Before I became a mom, I thought I had a decent idea of what it would be like. I’d read the books, followed the accounts, stocked the baby gear. I was ready. Or so I thought.
But here’s the thing — nothing truly prepares you for motherhood until you’re in it, 3 days deep into newborn life, covered in spit-up, crying because you forgot what a full night’s sleep feels like.
There’s so much I wish I had known.
I wish I knew that love would hit me like a freight train — not always right away, but deeply and fiercely, in the quiet moments. That it’s okay if bonding isn’t instant. It grows, just like they do.
I wish I knew how lonely it could feel, even when I was never physically alone. That it’s normal to miss your “old self,” and also love your new self fiercely at the same time.
I wish I knew that it’s okay to not love every moment. That the phrase “enjoy every second” is well-meaning, but also wildly unrealistic when you’re rocking a screaming baby at 3 a.m.

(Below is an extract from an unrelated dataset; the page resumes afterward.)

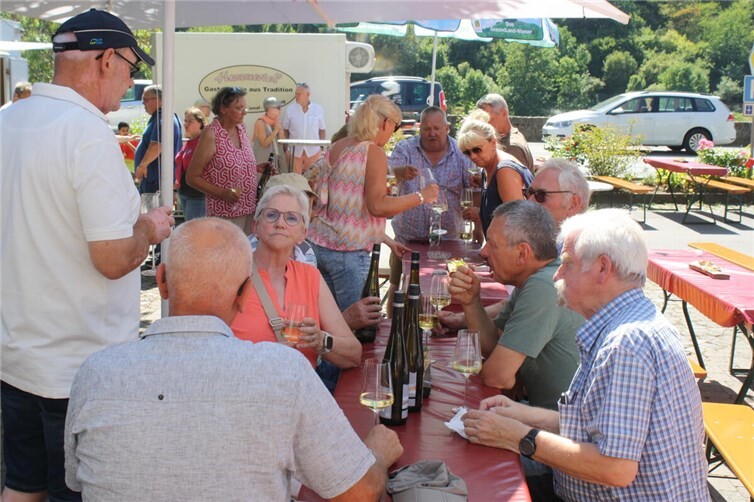 Weinfest mit Tropentemperaturen und neuen Weinmajestäten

I wish I knew how strong I am — how much I could endure on no sleep, with cracked nipples, and a heart stretched to its limit.
But most of all, I wish I knew that it’s okay to ask for help. That you don’t get a trophy for doing it all on your own.
If I could go back, I wouldn’t change the journey. But I’d whisper to that pre-mom version of me: You’ve got this. It won’t be perfect, but it will be powerful. And you’ll never be the same — in the best way.